Battles raged in Gaza on Saturday as Israel’s army said it expanded ground operations after intensifying its bombardment of the Palestinian territory three weeks after the deadliest attack in the country’s history.
The United Nations warned of a looming “unprecedented avalanche of human suffering” inside the Gaza Strip, after weeks of relentless Israeli bombing, while the General Assembly called for an “immediate humanitarian truce”.
“We are confronting an Israeli ground incursion in Beit Hanoun (in the northern Gaza Strip) and east Bureij (in the centre) and violent engagements are taking place on the ground,” Hamas’s armed wing the Ezzedine al-Qassam Brigades said.
Israeli military spokesman Major Nir Dinar told AFP: “Our troops are operating inside Gaza as they did yesterday.”

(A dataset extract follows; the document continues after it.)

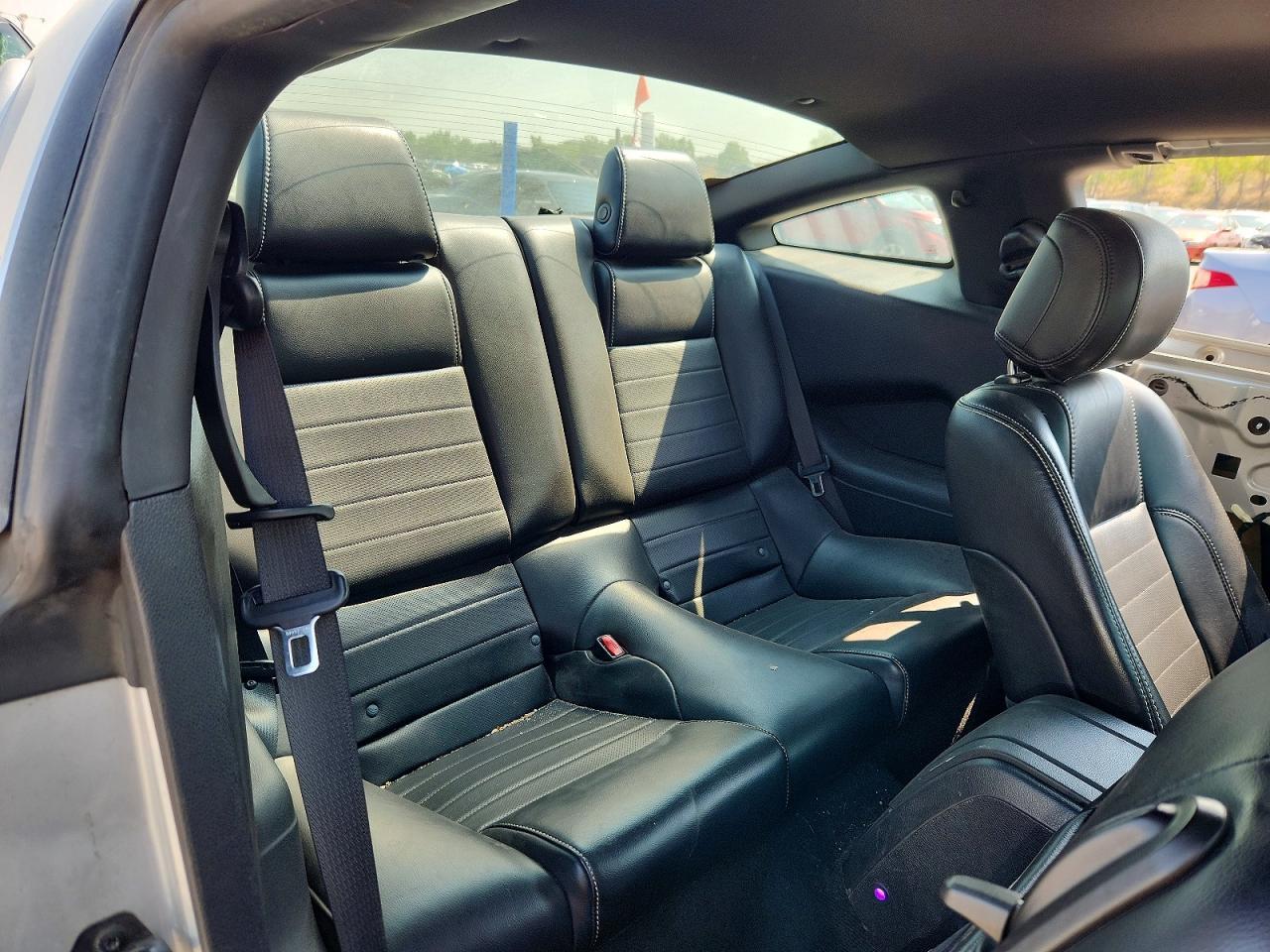 2013 Ford Mustang - zdjęcie 10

Israel launched its bombardment of Gaza after Hamas gunmen stormed across the border on October 7, killing 1,400 people, mostly civilians, and taking nearly 230 others hostage, according to Israeli officials.
The health ministry in the Hamas-run Gaza Strip said Friday that Israeli strikes had now killed 7,326 people, more than 3,000 of them children.

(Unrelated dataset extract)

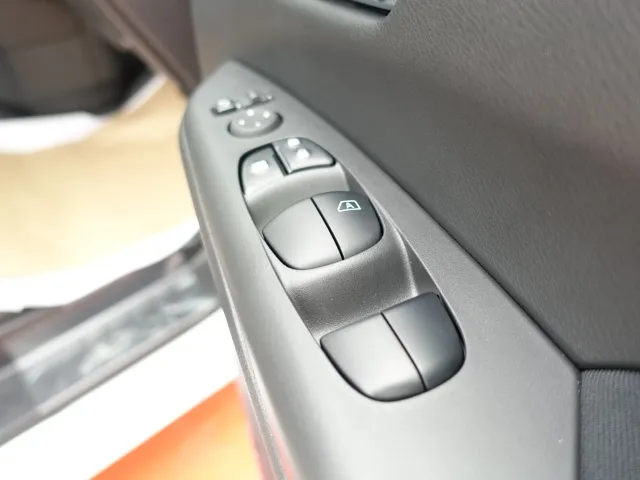 セレナ(ニッサン)eパワーハイウェイスターV  セーフティA リヤエアコン 防水シート登録済未使用車 13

With tens of thousands of troops massed along the Gaza border ahead of an expected full-blown invasion, Israeli forces had also made limited ground incursions on Wednesday and Thursday nights.
“The ground forces are extending the ground operations tonight,” military spokesman Daniel Hagari said late Friday.
The Israeli army said it had increased its strikes “in a very significant way”, while the Ezzedine al-Qassam Brigades said on Telegram it responded with “salvos of rockets”.
In overnight raids, Israeli fighter jets hit 150 “terror tunnels, underground combat spaces and additional underground infrastructure” and “several Hamas terrorists were killed”, the army said on Saturday morning.